However, the egg case must be initially made, then retracted back into the female, then pushed out yet again for birth.

If... that... helps any?


----------



## Tiara (Mar 18, 2009)

I build what we call a roach hotel. It is 1'x1' squares of plywood and cork tiles (the kind you would get at walmart to hang on the wall to tack stuff too??) on 4 threaded rods. I usually alternate them. Separated by bolts, with spaces big enough to get your hands into, you will have a really good place for them to hide out. They will feel better and be better breeders for that fact. The babies will then to hang out in the poo and what ever is on the bottom or put a couple paper towel rolls in there and the babies will hide out in there. Also, in the hotel, I cut a cork tile in some pieces and just stick them randomly into the the cracks. The babies (and adults) tend to cling to them when you take them out. Just scoop them off!! I hope this helps!! And I should mention that we do this with dubias and fuscas, so they are probably different with their personalities, but coming from someone that absolutly HATES touching roaches, this method works well for me.


----------



## hibiscusmile (Mar 18, 2009)

Tiara, I cannot believe u have roaches!


----------



## Katnapper (Mar 18, 2009)

Tiara said:


> I build what we call a roach hotel. It is 1'x1' squares of plywood and cork tiles (the kind you would get at walmart to hang on the wall to tack stuff too??) on 4 threaded rods. I usually alternate them. Separated by bolts, with spaces big enough to get your hands into, you will have a really good place for them to hide out. They will feel better and be better breeders for that fact. The babies will then to hang out in the poo and what ever is on the bottom or put a couple paper towel rolls in there and the babies will hide out in there. Also, in the hotel, I cut a cork tile in some pieces and just stick them randomly into the the cracks. The babies (and adults) tend to cling to them when you take them out. Just scoop them off!! I hope this helps!! And I should mention that we do this with dubias and fuscas, so they are probably different with their personalities, but coming from someone that absolutly HATES touching roaches, this method works well for me.

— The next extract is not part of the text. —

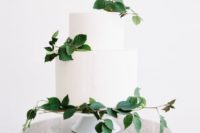 21 an elegant white cake with some foliage is ideal for a minimalist spring wedding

I'd love to see a pic of this configuration!


----------



## PhilinYuma (Mar 19, 2009)

Zephyr said:


> I feel very confused now... lolHowever, the egg case must be initially made, then retracted back into the female, then pushed out yet again for birth.
> 
> If... that... helps any?


I think that you had it right all along. It is my understanding that, as you say,the ooth is formed externally, though still attached to the female, rotated a quarter turn (90 degrees) and then pulled back into the mother's body where it is kept moist during maturation. Just before the babies hatch, the thin walled, rather delicate ooth again protrudes from the mother's abdomen before the nymphs break clear of the eggs and make their first meal from the egg sacs. As I mentiioned before, though, I'm not a cockroach person, and I didn't consult Professor Google for the last word.


----------



## Tiara (Mar 19, 2009)

Kat, can you tell me how to post pics?? I cant seem to get it!!! I would love to show ya!!


----------



## Katnapper (Mar 19, 2009)

Tiara said:


> Kat, can you tell me how to post pics?? I cant seem to get it!!! I would love to show ya!!

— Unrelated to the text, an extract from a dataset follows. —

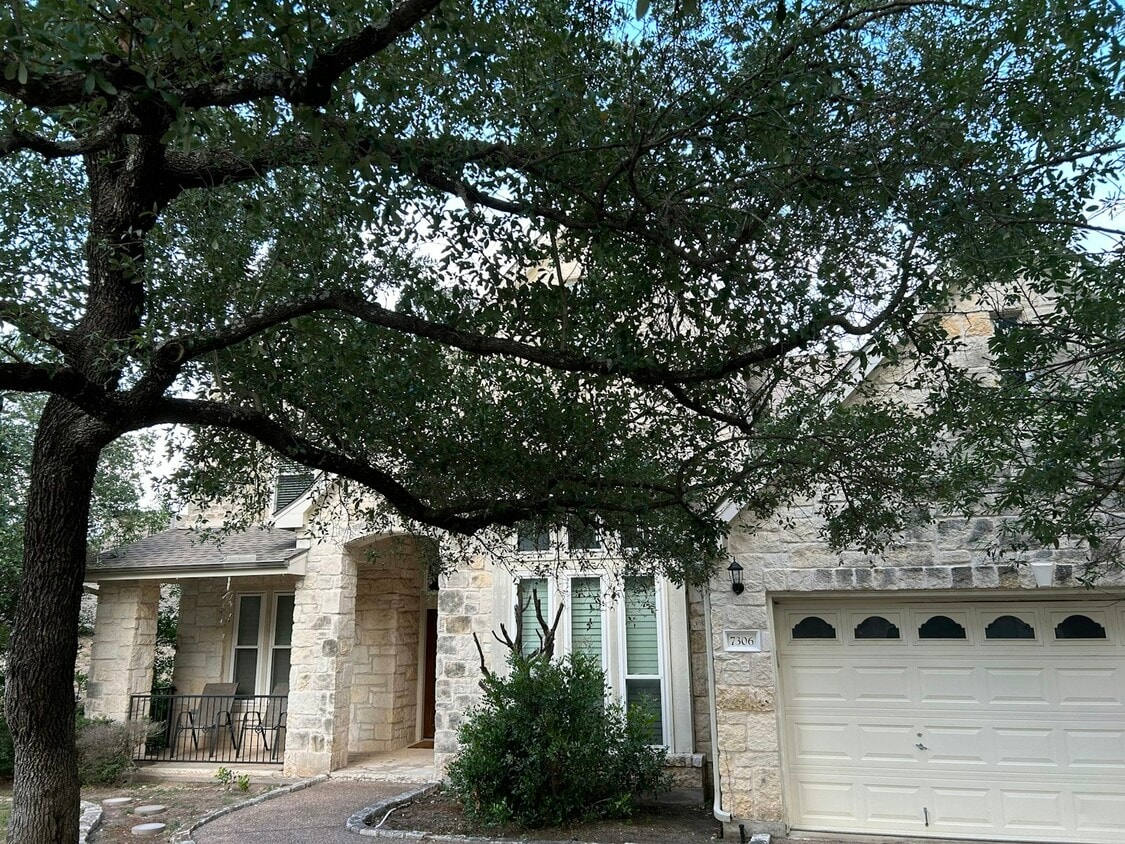 Primary Photo - 7306 Ellaview Ln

Gee, Tiara... you would ask me after I stayed up all night feeding mantids (no joke, lol)! I'm brain dead, have my days and nights mixed up, and for the life of me couldn't write instructions right now... even under torture.  See this link.  If that doesn't help, I'll try to explain after I've had some sleep.  Or maybe someone else will help us out while I'm getting my beauty rest. May take a while...  :lol: I really would like to see your set-up!


----------



## Tiara (Mar 20, 2009)

What if I just put it on myspace and give you the link, or photobucket, will you guys be able to like look at it?? I am so new to all this stuff!! I am 21 and my lil sis (17)made me get the myspace, lol, so I am not really sure how all this stuff works


----------



## Katnapper (Mar 20, 2009)

Tiara said:


> What if I just put it on myspace and give you the link, or photobucket, will you guys be able to like look at it?? I am so new to all this stuff!! I am 21 and my lil sis (17)made me get the myspace, lol, so I am not really sure how all this stuff works


Help is here Tiara!  I made up and posted a little tutorial thingy that hopefully will help you. Please see:

How to Add Pictures to Posts, (2 Different Methods)

I hope this helps!


----------



## Peter Clausen (Mar 23, 2009)

PhilinYuma said:


> So, how about a Higgledy-Piggledy contest for cockroaches, Peter?


You'll have to visit Roachforum.com for that contest, Phil.


----------



## hierodula (Apr 18, 2009)

Katnapper said:


> Hmmm... another good tactic, Zephyr! Thank you.  Rebecca, I've been working and conditioning him to the idea for a couple of months now, lol. At first he screamed... I mean said, "Roaches!!!!  You're not seriously considering bringing _*cockroaches*_ into this house, are you?!! But I've convinced him they are "tropical" species and would not infest the house even if some escape. He said, "OK... but you'd better have them caged like Fort Knox. If I see one roach in the house...." I have to give him credit. Not every spouse would be even this tolerant with the idea. :lol:


 :lol:


----------